Peygamber Efendimiz “kime iyilik yapayım?” diye üç defa soran bir sahabeye, üç defasında da, “annene” cevabını verdikten sonra dördüncü soruda, babasına iyilik yapması gerektiğini söylemiştir.
“Ana- babanı sayarsan, oğlundan da saygı görürsün. Saygı ve sevginin bir arada bulunduğu toplumlar uzun ömürlü olur ve hiçbir zaman kargaşa içine düşmez. O toplumda saygı ve sevgi ne zaman kaybolur ise o zaman o toplum çöker.” Mevlana
Anne ve babalar, çocuklarına bazen yeteri kadar yardımcı olmamış olsalar da, çocuklar anne ve babalarına yine de iyi davranmak mecburiyetindedirler. Anne ve babalar yaşlandıkça çocuklaşır. Çocukluğumuzdaki yanlış ve zararlı davranışlarımızı hoşgörü ile karşılayan anne ve babamız bize muhtaç duruma gelince onlara, bize yaptıkları gibi iyi davranmamız aynı zamanda bir şükran borcumuzdur.
Öğretmene saygı
Bizim kültürümüzde öğretmene saygı anne ve babaya saygıdan sonra gelir. Kültürümüze gör üç kişinin eli öpülmeye layıktır: Anne, baba ve öğretmenimiz. Tarihimizde öğretmen hep baş tacı edilmiş, değer verilmiş, bulunduğu toplumda baş köşeye oturtulmuş… Öğretmene o kadar değer verilmiş ki, “ Öğretmenin vurduğu yerde gül biter.” Diye öğretmene sahip çıkılmıştır.

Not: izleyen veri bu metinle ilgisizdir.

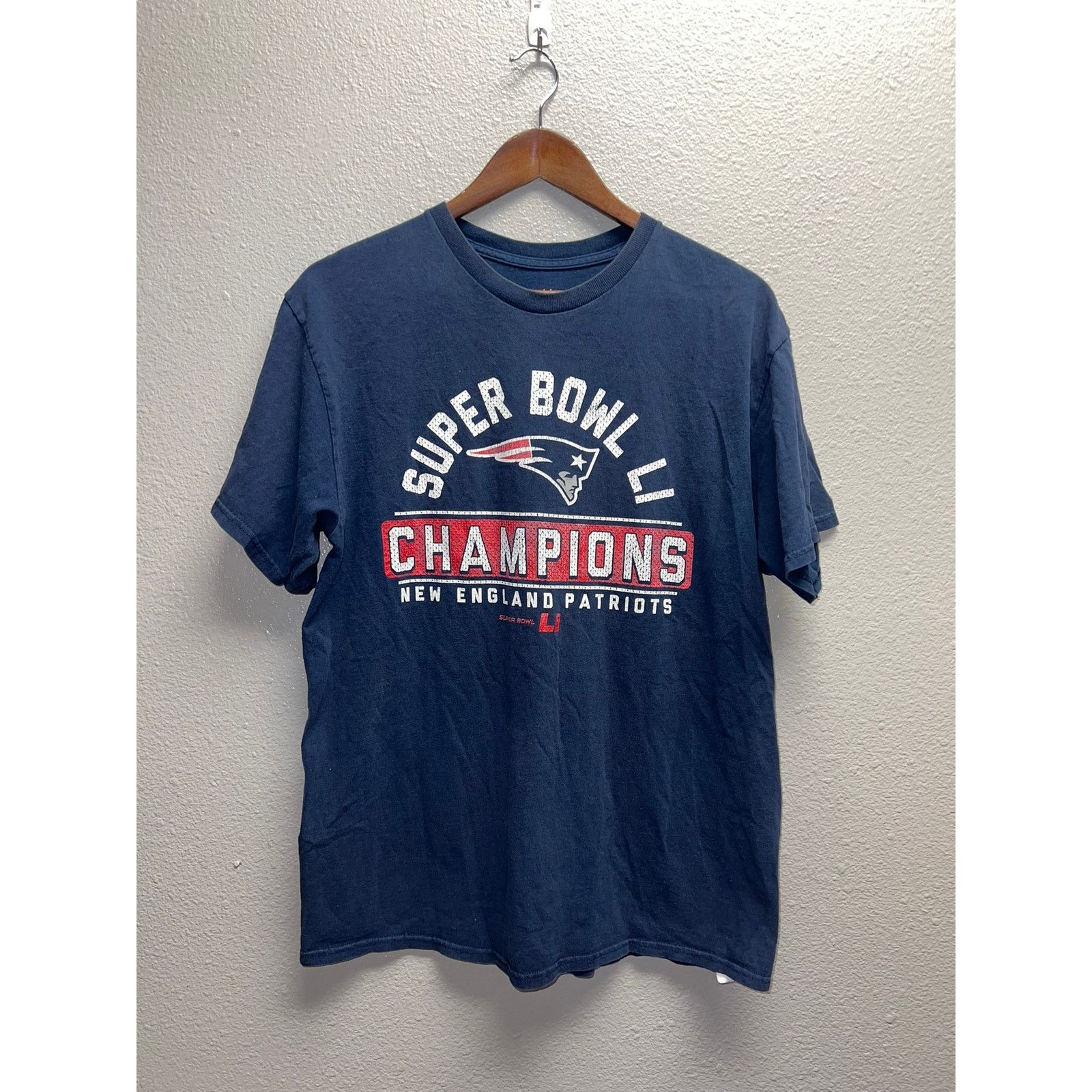 Majestic New England Patriots Super Bowl Shirt Blue LI 51 NFL Tee M Size US M / EU 48-50 / 2 - 1 Thumbnail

Peygamber Efendimiz şöyle buyuruyor: “Alimler yeryüzünün kandilleridir; Benim ve diğer peygamberlerin varisleridir.” “İlim öğrendiğiniz kişilere karşı saygılı olunuz.”
Yaşlılara saygı
Yaşlılara saygı gösteren kimseye, ihtiyarladığı zaman, Allah Teala, saygı gösterecek kimseler yaratır. Yaşlılara saygı göstermek, Allah Teala’yı tazimdendir. (Hadis-i Şerif )
Peygamberimiz bir hadis-i şeriflerinde şöyle buyuruyorlar: “Büyüklerine saygı göstermeyen, küçüklerine merhamet etmeyen, iyiliği emredip, kötülükten nehyetmeyen bizden değildir.”
Yaşlı insanlar kendilerine saygı gösterilmesinden mutlu olurlar. İnsan yaşlandıkça kimsenin kendisini sevmediği, toplumda kendisinin fazlalık olduğu… düşüncesine kapılabilir. Onlara değer vermek, onları dinlemek, gerektiğinde onlara yer vermek, gerektiğinde onlara ihtiyaçları olan yardımı yapmak onları mutlu eder. Yaşlılara hürmet etmek, saygıda kusur etmemek… annelerin evlatlarına öncelikli nasihatlerinden olmuştur.
Başkalarının yaşam hakkına saygı
Bütün insanlar annelerinden hür ve eşit olarak doğarlar. Hiçbir kimsenin bir başkasına üstünlüğü yoktur. İnsanlar farklı inanç, düşünce ve fikirlere sahip olabilirler. Farklılıklar toplumun zenginliği olarak kabul edilmelidir.
İnsanların inançlarına, fikirlerine, düşüncelerine, yaşam tarzlarına saygı gösterilmesi toplumdaki huzur ve mutluluğu artırır. Kavga ortamlarının oluşmasını engeller. İnsanlar davranışlarından dolayı ayıplanmamalıdır. Farklılıklara saygı toplumsal barışı sağlar.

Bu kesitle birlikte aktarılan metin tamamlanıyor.